[What to work on]: Set the material down again exactly, line by line, skipping each picture.

[Supplied material]:
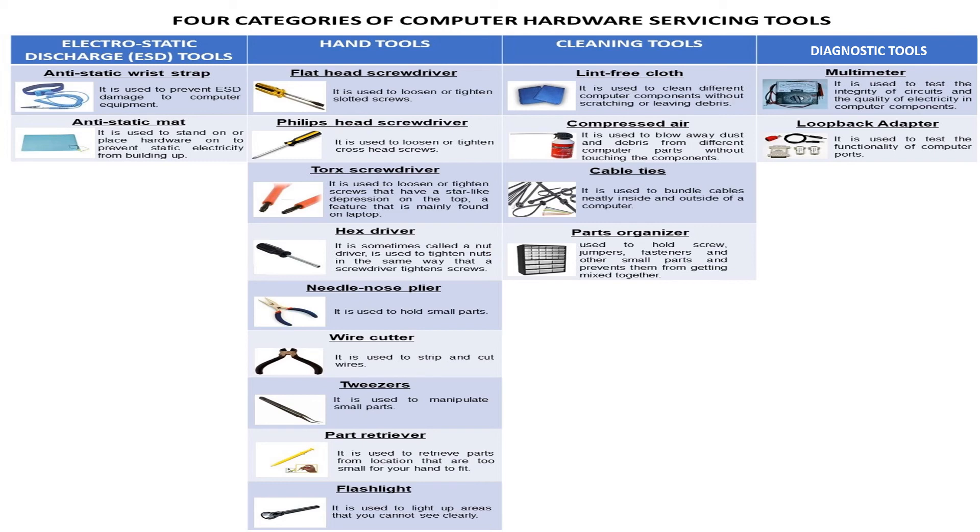The last category is diagnostic tools. First is the multimeter, used to test the integrity of circuits and the quality of electricity in computer components. Next is the loopback adapter, used to test the functionality of computer ports.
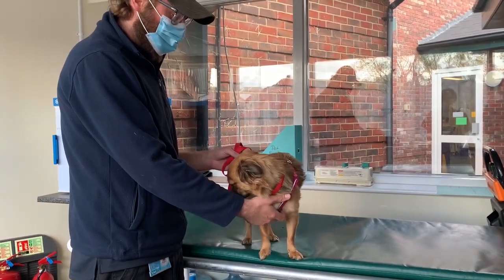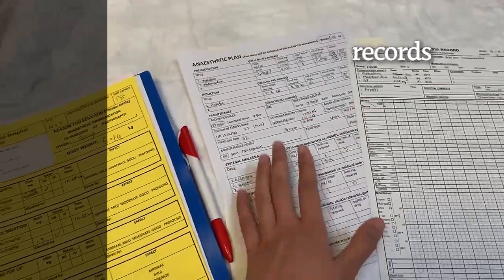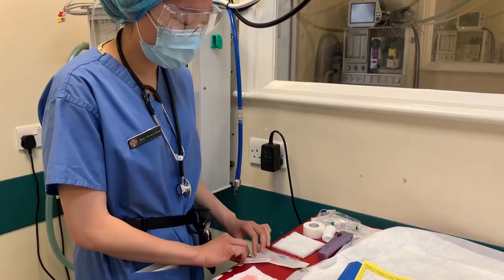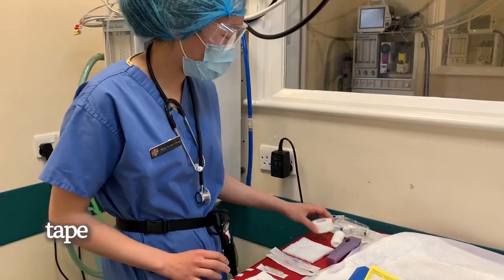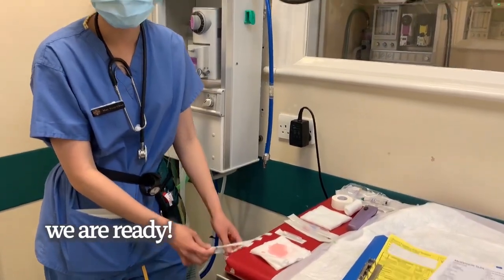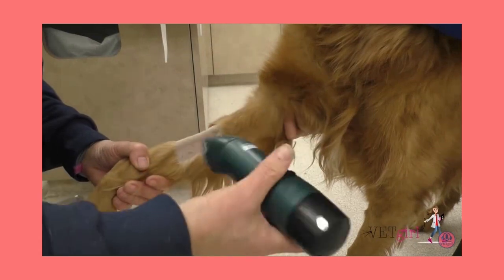As we are on anesthetics today, we prepare the records and monitoring charts, carry out checks on our machine and then admit our patient. We prepare materials to place an IV catheter — we have our catheters, our scrubs, chlorhexidine as well. We've got our concise catheters, some tape, our T-port and a flush. This is done so that we have intravenous access to administer drugs or any fluids that are needed during the operation.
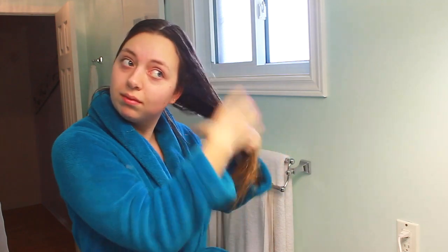So I'm just going to apply that to my ends. With oils, you always want to apply them to the ends, never the roots.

[Output below]:
The last category is diagnostic tools. First is the multimeter, used to test the integrity of circuits and the quality of electricity in computer components. Next is the loopback adapter, used to test the functionality of computer ports.
As we are on anesthetics today, we prepare the records and monitoring charts, carry out checks on our machine and then admit our patient. We prepare materials to place an IV catheter — we have our catheters, our scrubs, chlorhexidine as well. We've got our concise catheters, some tape, our T-port and a flush. This is done so that we have intravenous access to administer drugs or any fluids that are needed during the operation.
So I'm just going to apply that to my ends. With oils, you always want to apply them to the ends, never the roots.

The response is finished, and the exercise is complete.